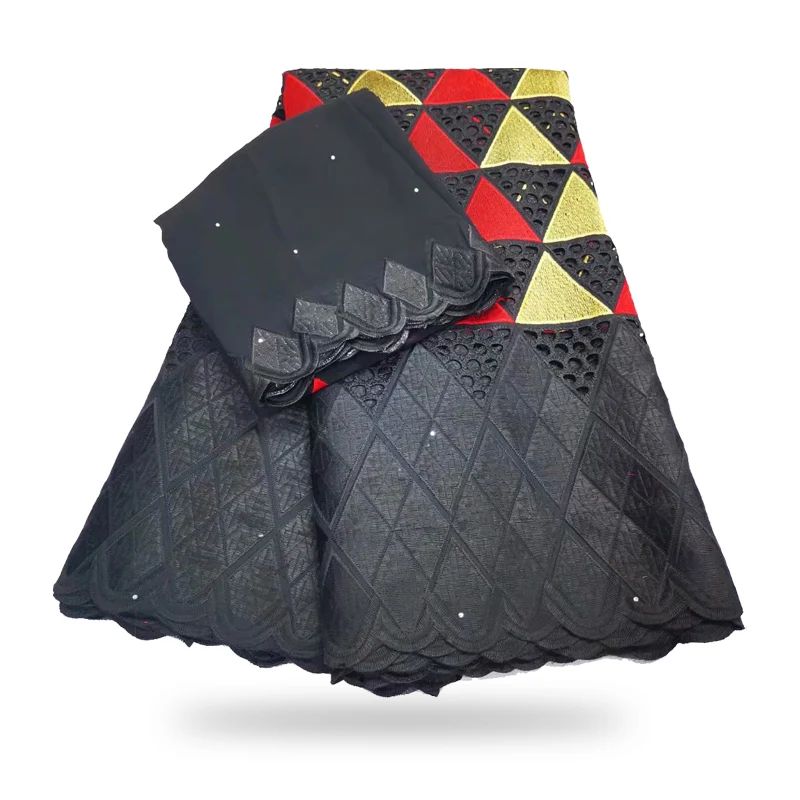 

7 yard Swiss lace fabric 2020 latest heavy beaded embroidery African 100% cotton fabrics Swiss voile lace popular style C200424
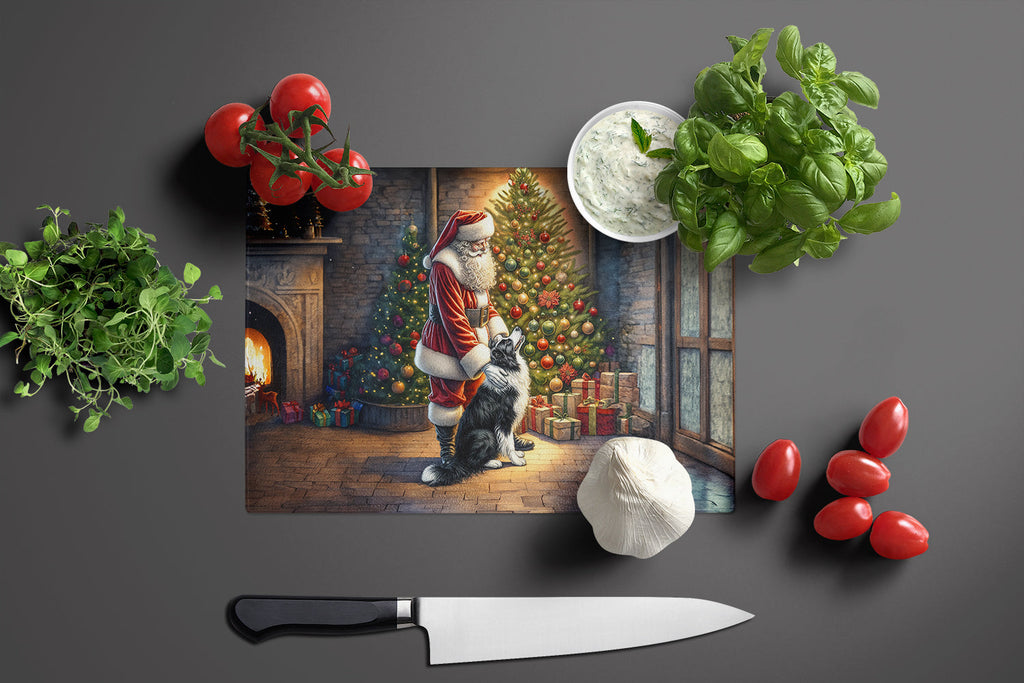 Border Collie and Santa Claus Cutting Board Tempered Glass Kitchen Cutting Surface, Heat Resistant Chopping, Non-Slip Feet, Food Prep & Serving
* * *
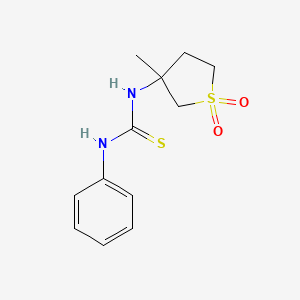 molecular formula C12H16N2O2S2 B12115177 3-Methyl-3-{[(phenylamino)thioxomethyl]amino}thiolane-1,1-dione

### ACTIVITY
Beginning with the line above that has "7 yard Swiss" and going on through the line that has "Border Collie and", retype every line exactly and add nothing else; drop the pictures.

### RESULT OF THE TASK
7 yard Swiss lace fabric 2020 latest heavy beaded embroidery African 100% cotton fabrics Swiss voile lace popular style C200424
 Border Collie and Santa Claus Cutting Board Tempered Glass Kitchen Cutting Surface, Heat Resistant Chopping, Non-Slip Feet, Food Prep & Serving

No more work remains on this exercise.